In a catena of judgments since independence, the apex court has ruled that while the government may claim privilege or immunity over its “unpublished” documents, under the Indian Evidence Act, it is the court, being an independent and impartial adjudicator, which has to decide what may or may not serve public interest.
So the government is duty-bound to produce any document that the court may summon for the purpose of examination in an ongoing proceeding. The court may obtain these documents in sealed cover and examine them and decide whether to make them public or not.
Some information relating to the Rafale deal was furnished to the apex court in sealed cover last year. The court returned the papers back to government in the same manner. The government has not officially placed an authentic copy of these papers in the public domain till date. The Supreme Court will also have to decide whether the government can claim any kind of privilege under the Evidence Act, over information contained in the Rafale papers that is now published on some websites.
All said and done, ‘sovereign immunity’ and ‘government privilege’ are now obsolete considerations. The Supreme Court has for long looked at them as “public interest” issues.
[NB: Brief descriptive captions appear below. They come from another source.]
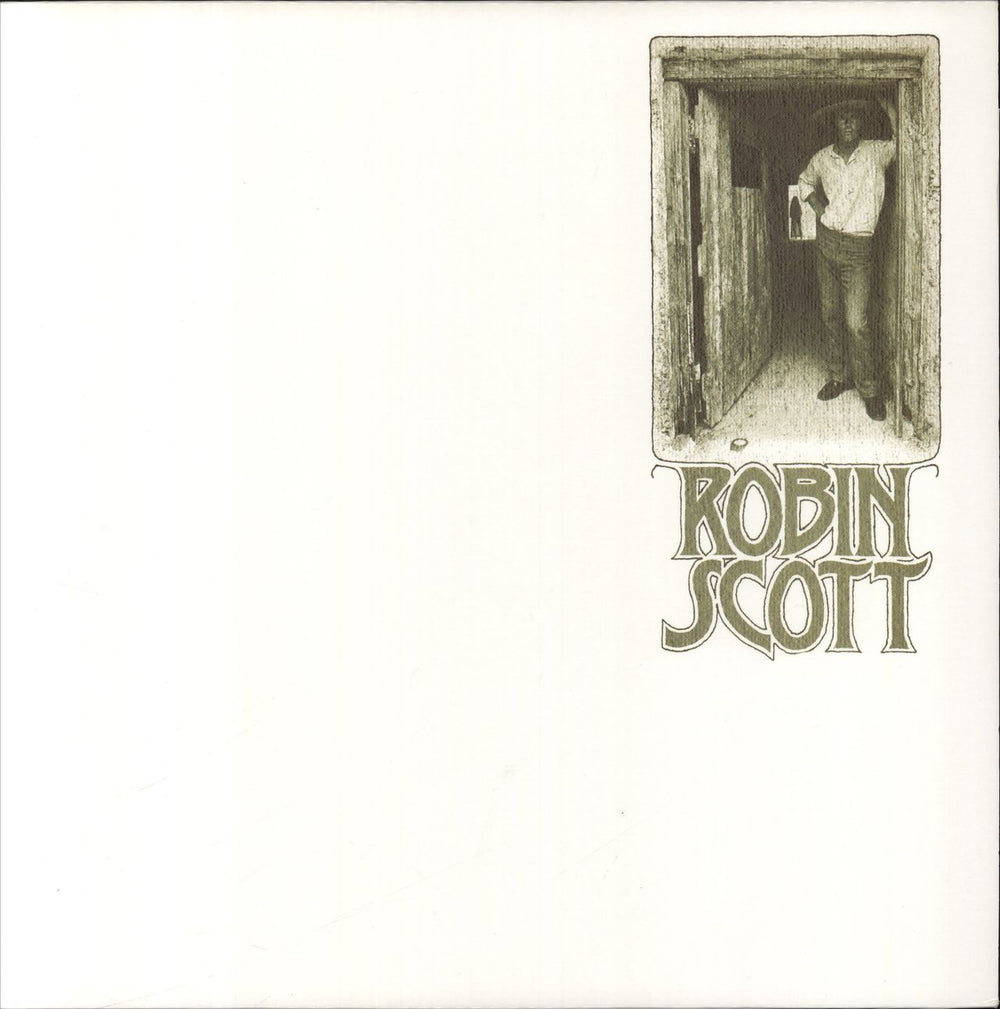 Robin Scott Woman From The Warm Grass - 180 Gram Vinyl UK vinyl LP album (LP record) SBRLP5009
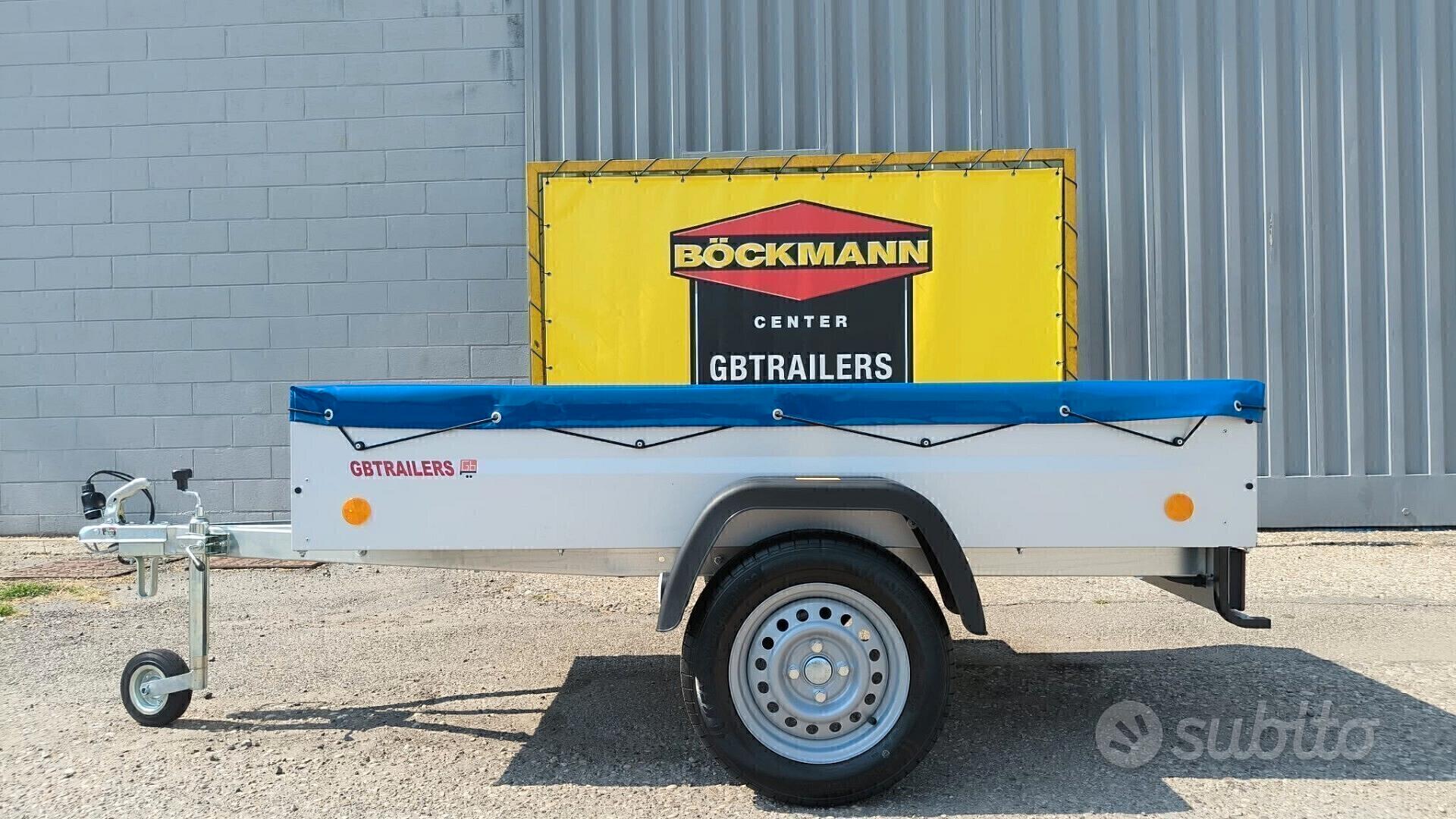 Subito - GBTRAILERS - Carrello Appendice Rimorchio Auto Mono Asse ...
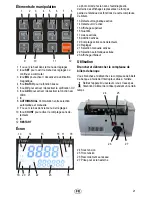 Предварительный просмотр 21 страницы Olymp NC 450 Operating Manual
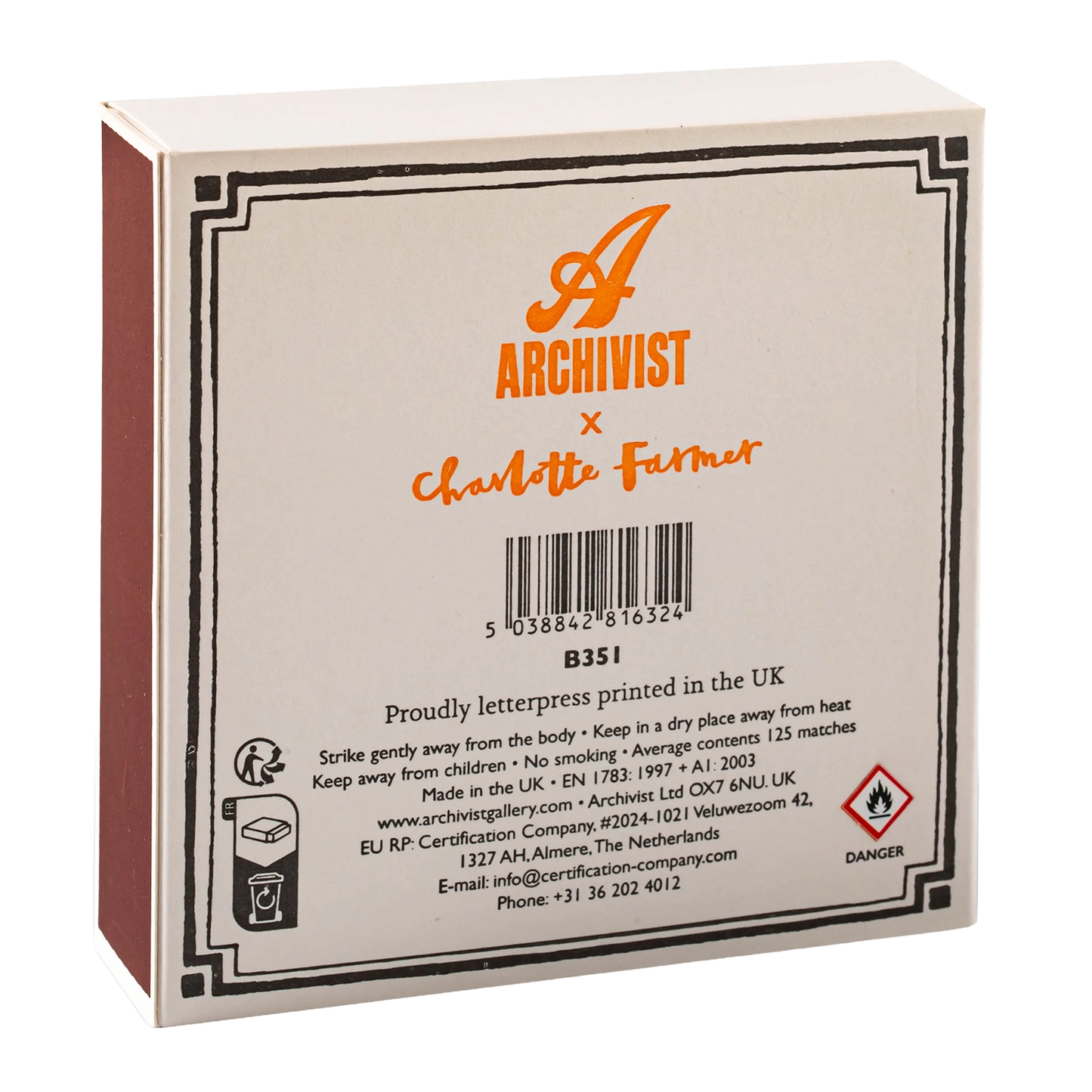 Archivist Spooky Matches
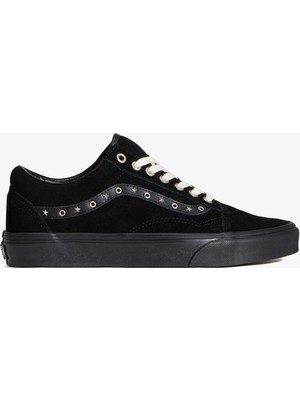 Vans Old Skool Unisex Siyah Sneaker.-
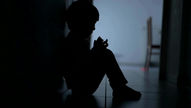 Child worrying and feeling alone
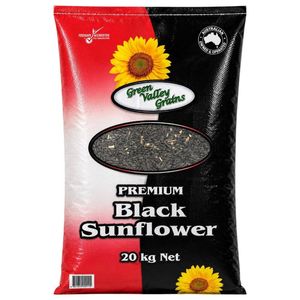 Green Valley Black Sunflower Animal Feed Supplement 20kg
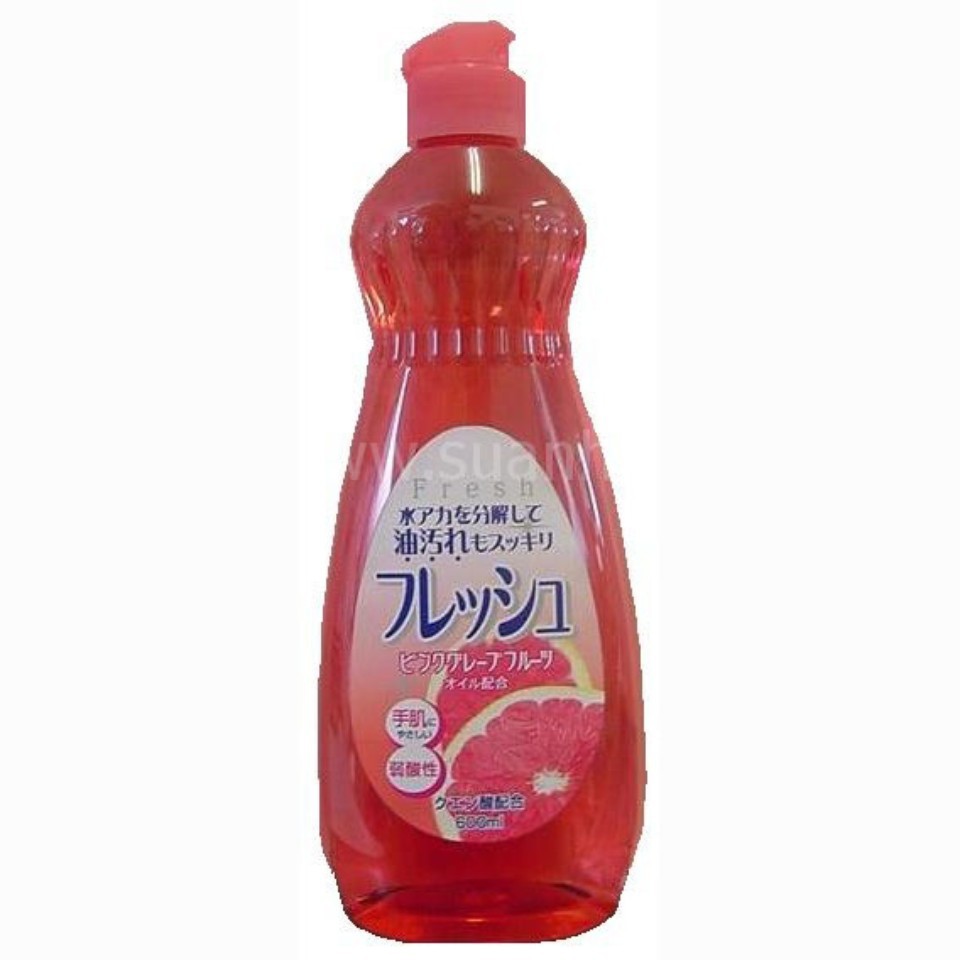 Nước rửa chén bát, rau củ hương bưởi 600ml Rocket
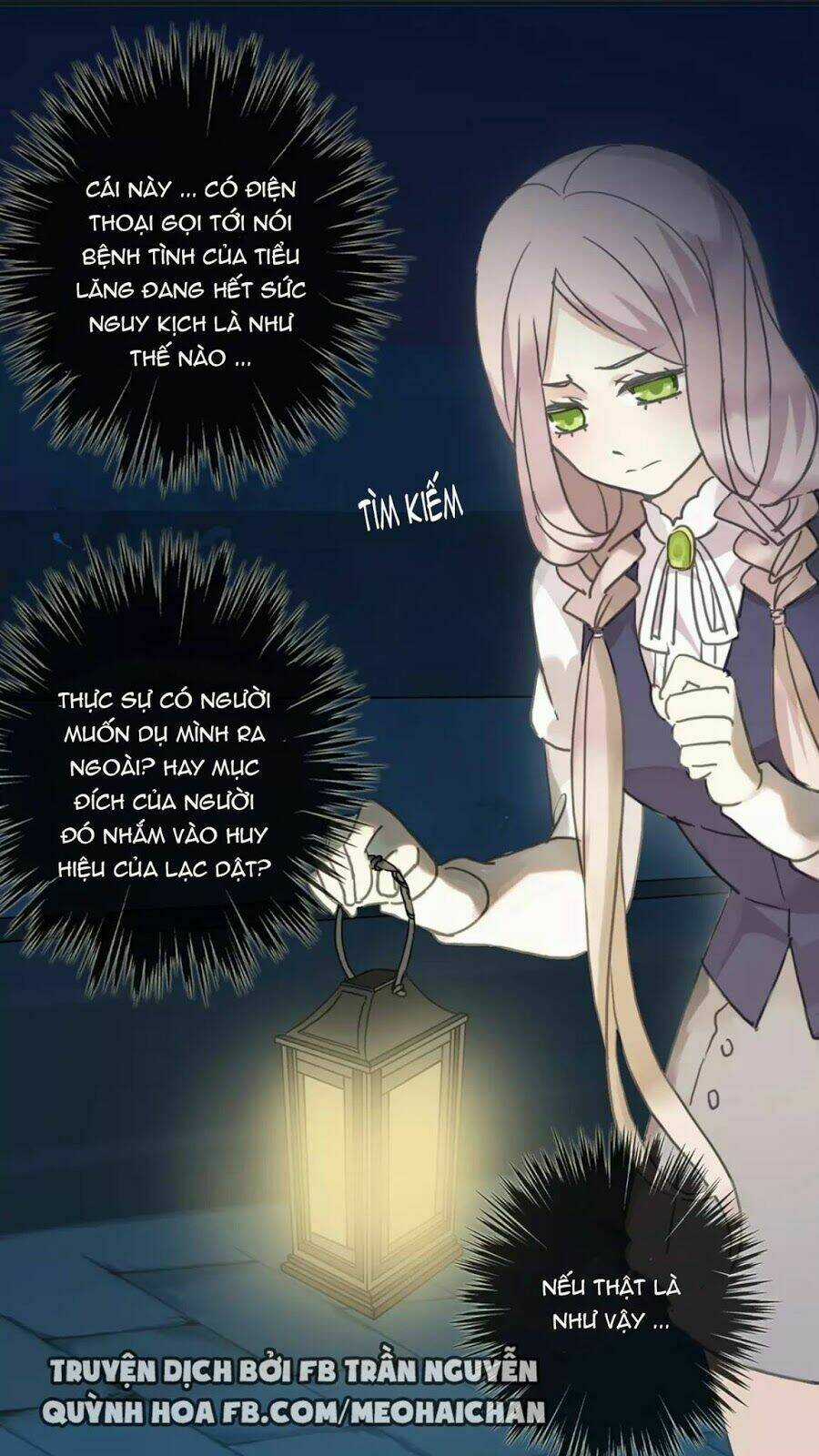 Vết Cắn Ngọt Ngào Chapter 15 trang 6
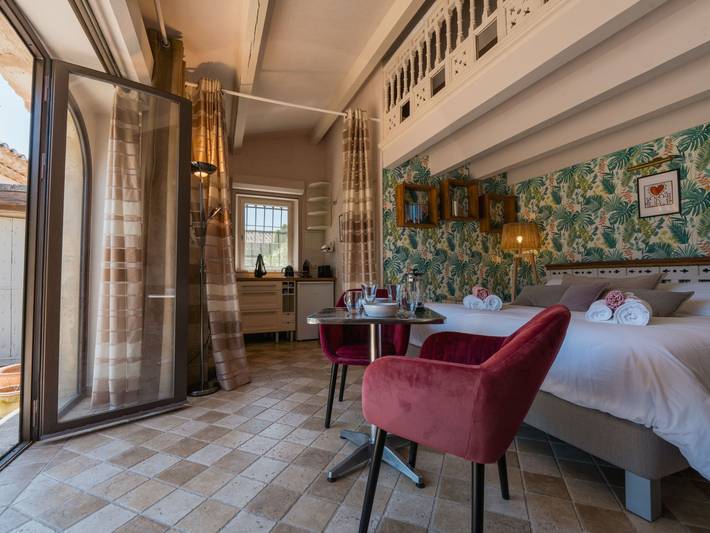 Location de vacances pour 2 personnes, avec jardin à Eygalières - 4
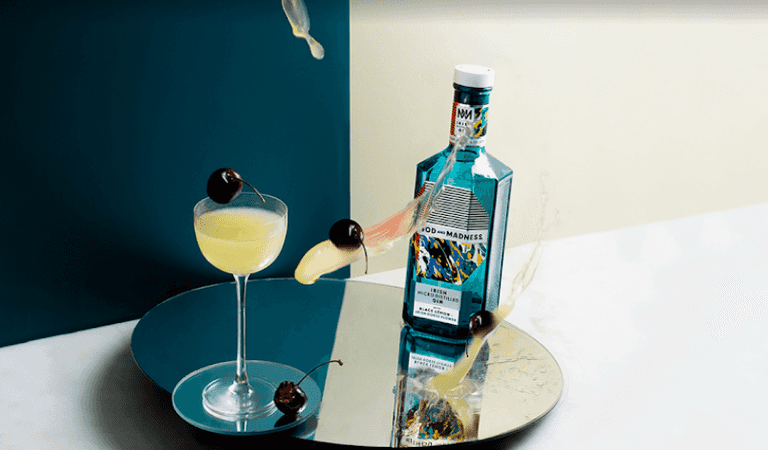 This gorgeous gin cocktail is actually fairly easy to make This gorgeous gin cocktail is actually fairly easy to make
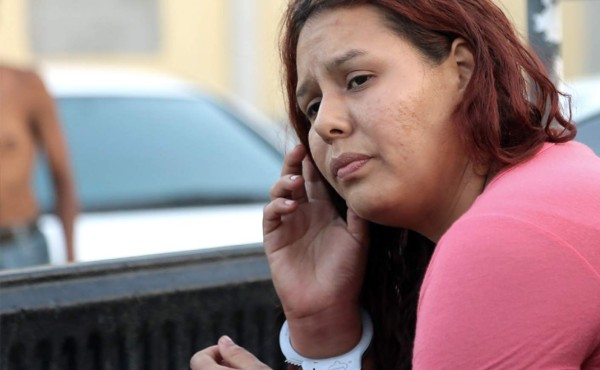 La mujer fue remitida al centro penal sampedrano.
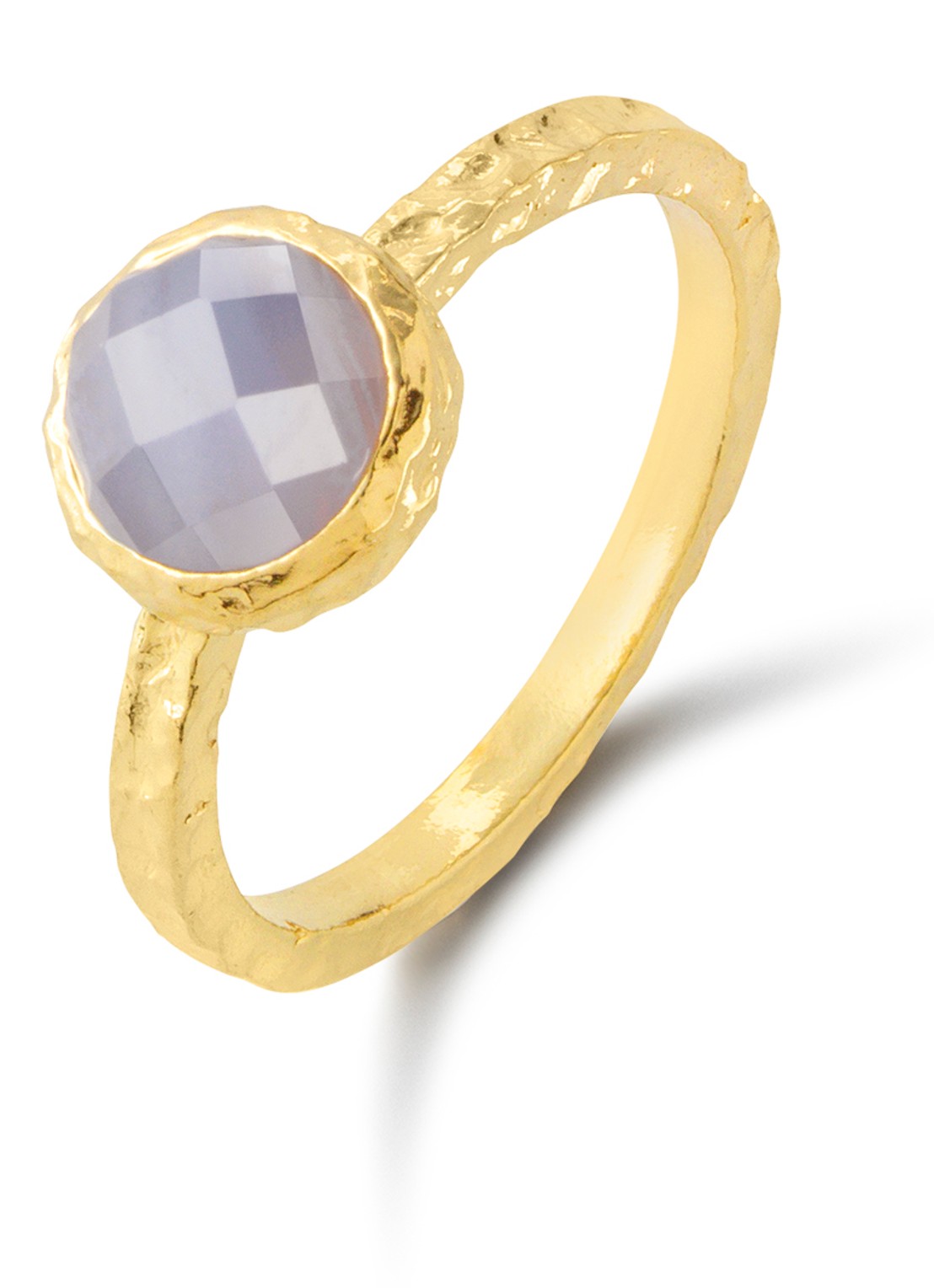 Casa Jewelry Amalfi ring verguld 54 - voorkant goud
Will the disclosure of information about the affairs of state from official papers harm any public interest? Justice PN Bhagwati explained this position eloquently in a separate opinion in the 1981 Constitution Bench matter of SP Gupta vs President of India (in which the people’s right to know was recognised for the second time) in the following manner:
“It is axiomatic that every action of the government must be actuated by public interest but even so we find cases, though not many, where governmental action is taken not for public good but for personal gain or other extraneous considerations…
Where the State is a party to an action in which disclosure of a document is sought by the opposite party, it is possible that the decision to withhold the document may be influenced by the apprehension that such disclosure may adversely affect the head of the department or the department itself or the minister or even the government or that it may provoke public criticism or censure in the legislature or in the press, but it is essential that such considerations should be totally kept out in reaching the decision whether or not to disclose the document.
So also the effect of the document on the ultimate course of the litigation whether its disclosure would hurt the State in its defence should have no relevance in making a claim for immunity against disclosure.
The sole and only consideration must be whether the disclosure of the document would be detrimental to public interest in the particular case before the Court…”
Perhaps, it is in recognition of this jurisprudential trend that the apex court asked the Attorney General to read out the relevant provisions of the RTI Act which override the OSA. In an earlier hearing, it had also asked whether the Rafale papers can be kept secret under the pretext of protecting national security when grave allegations of corruption and wrongdoing have been levelled. As the custodian of the Constitution and people’s fundamental rights, which include the right to know, the apex court will have to place a firm gaze on our national motto – ‘Satyameva Jayate’ (truth alone triumphs) while deciding the Rafale review petition.